- _WORK INSTRUCTION_:
Output the data below only from the line containing "Used 2014 Mercedes-Benz" up to and including the line containing "Tại sao những", exact and with the pictures left out.

[Opening RECORDS SUPPLIED section]

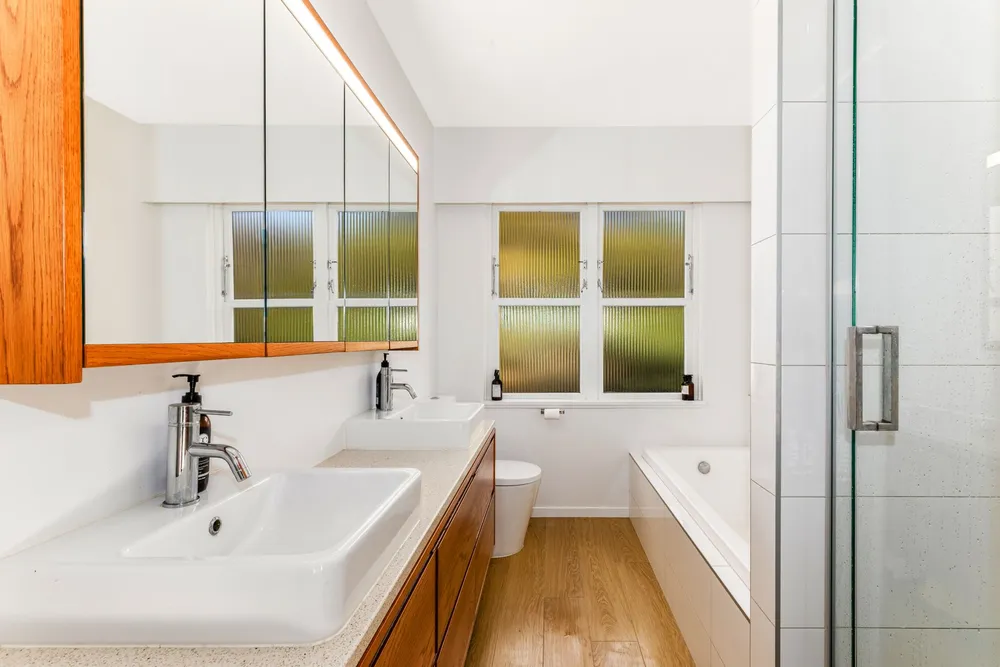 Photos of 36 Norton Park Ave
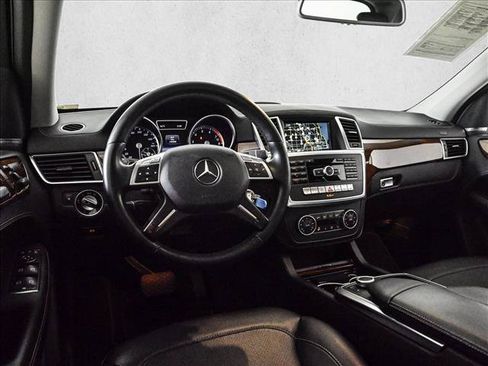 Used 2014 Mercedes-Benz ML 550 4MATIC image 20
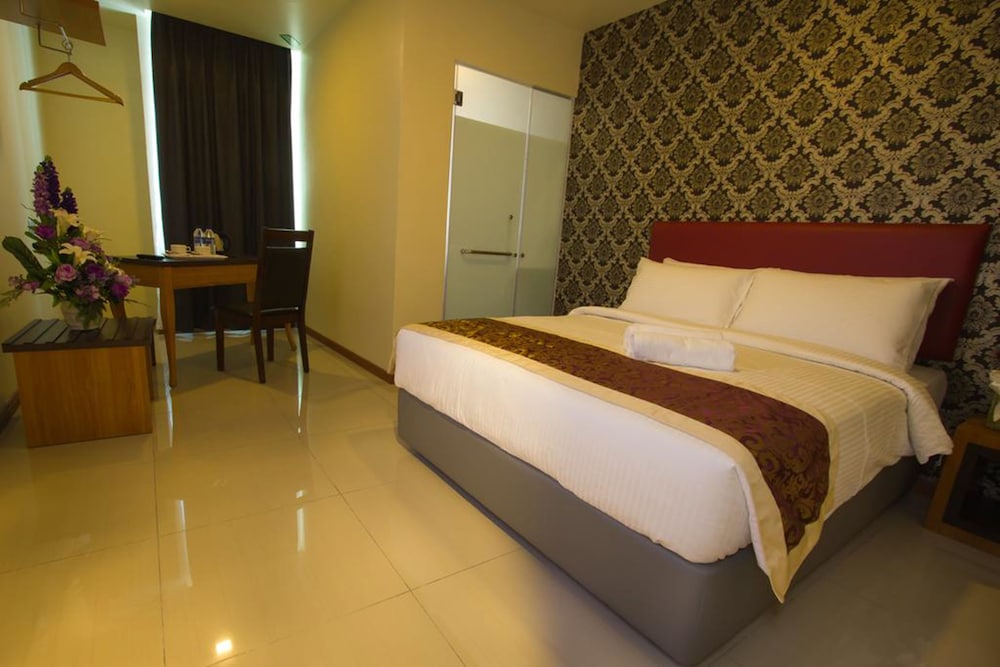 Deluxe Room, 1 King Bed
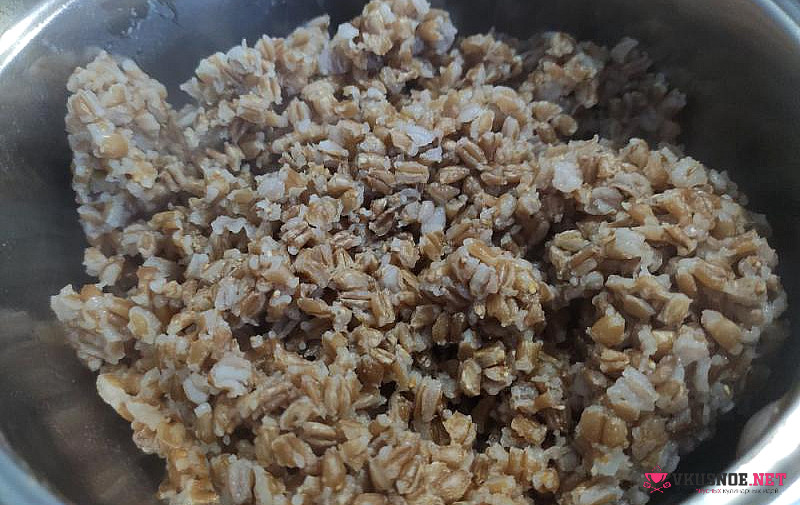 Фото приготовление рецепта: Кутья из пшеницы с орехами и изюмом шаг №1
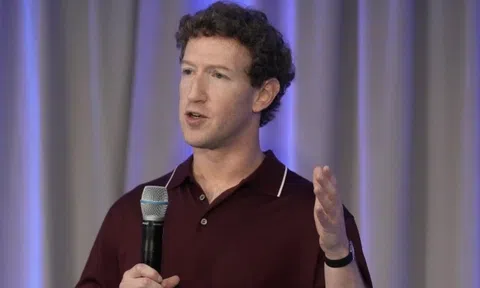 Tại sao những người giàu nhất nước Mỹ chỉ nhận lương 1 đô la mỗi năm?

[Closing RECORDS SUPPLIED section]
[Opening RECORDS SUPPLIED section]

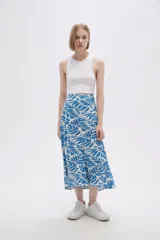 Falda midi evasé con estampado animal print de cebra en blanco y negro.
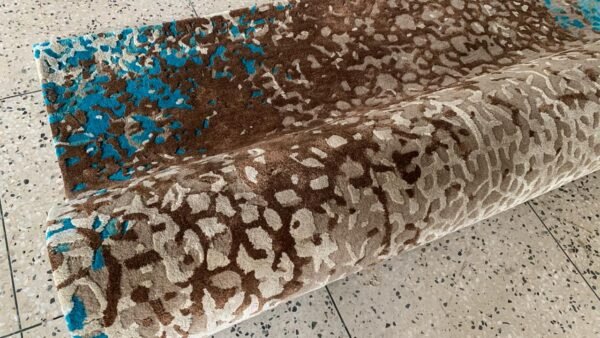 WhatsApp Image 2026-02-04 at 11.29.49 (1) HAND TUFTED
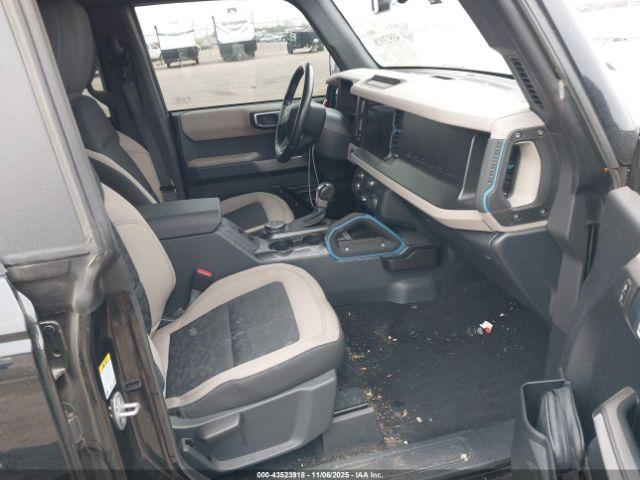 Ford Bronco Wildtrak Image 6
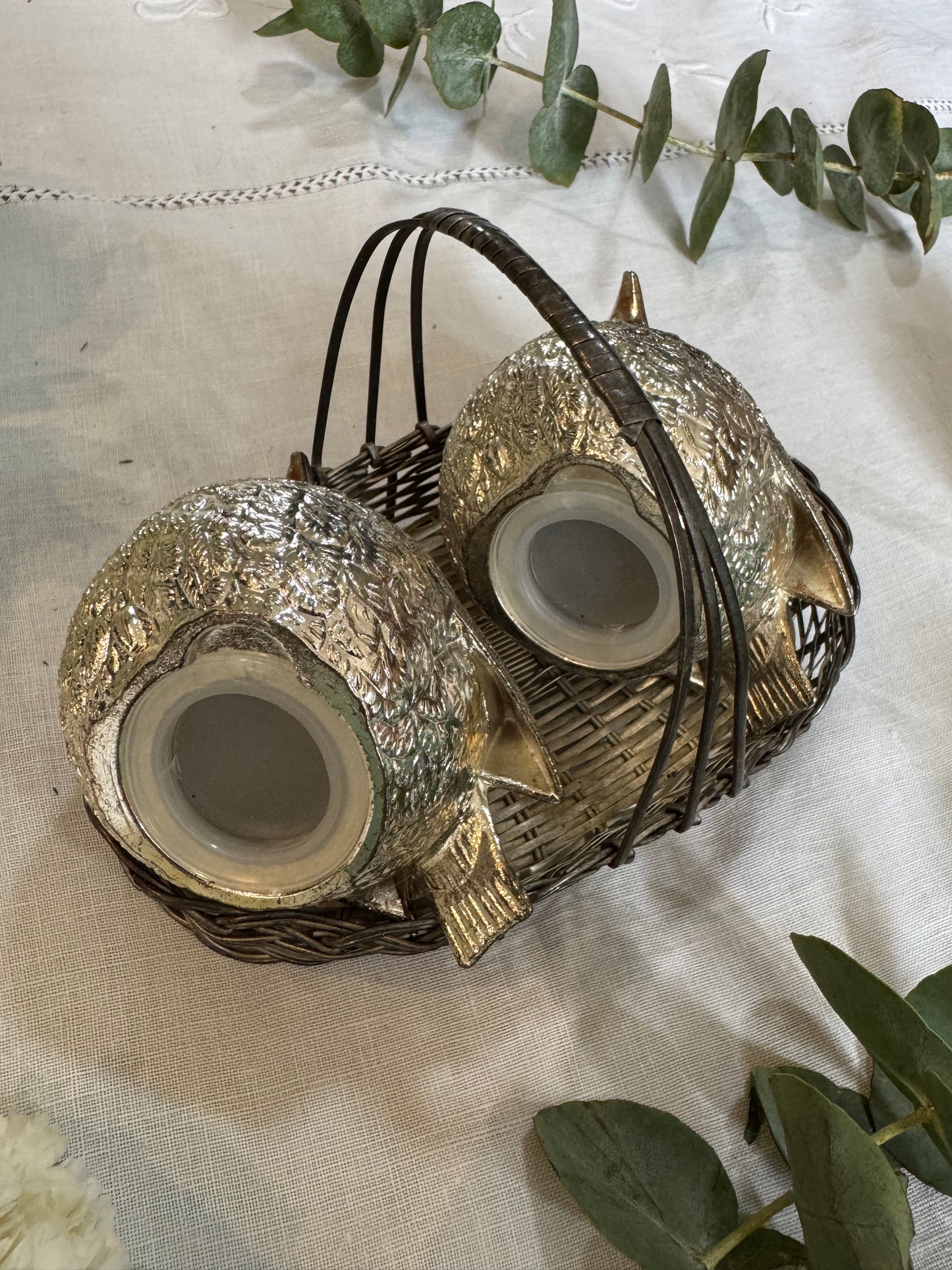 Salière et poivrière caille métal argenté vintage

[Closing RECORDS SUPPLIED section]
[Opening RECORDS SUPPLIED section]

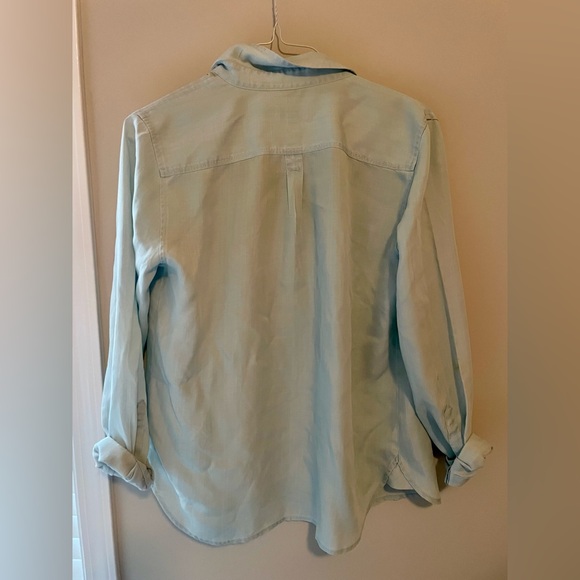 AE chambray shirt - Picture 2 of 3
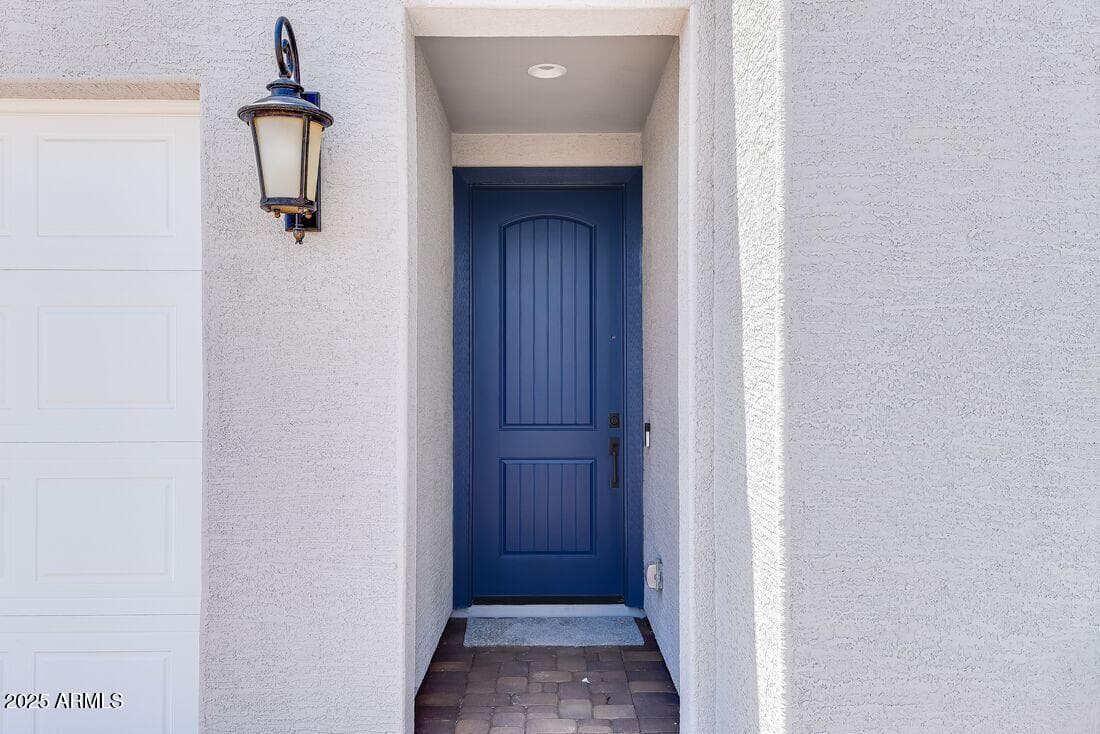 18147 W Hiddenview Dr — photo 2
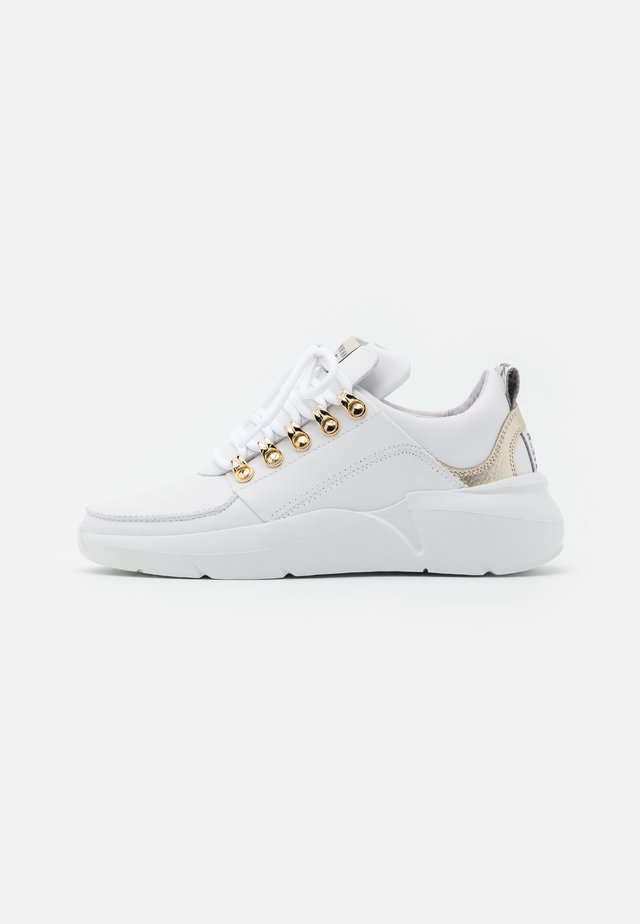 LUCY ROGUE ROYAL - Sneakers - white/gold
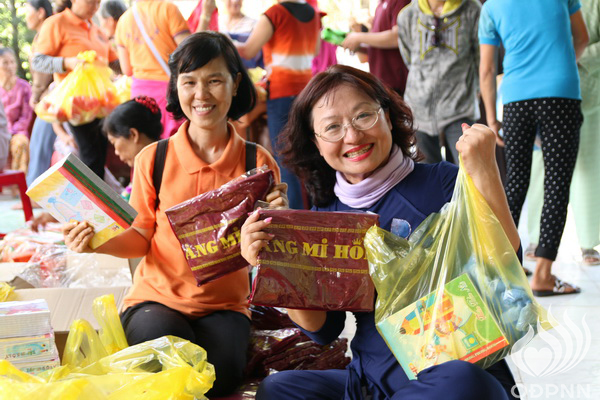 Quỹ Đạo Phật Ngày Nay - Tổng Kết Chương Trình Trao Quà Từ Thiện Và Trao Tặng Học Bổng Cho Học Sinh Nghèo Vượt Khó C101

[Closing RECORDS SUPPLIED section]

- _RESPONSE TO THE EXERCISE_:
 Used 2014 Mercedes-Benz ML 550 4MATIC image 20
 Deluxe Room, 1 King Bed
 Фото приготовление рецепта: Кутья из пшеницы с орехами и изюмом шаг №1
 Tại sao những người giàu nhất nước Mỹ chỉ nhận lương 1 đô la mỗi năm?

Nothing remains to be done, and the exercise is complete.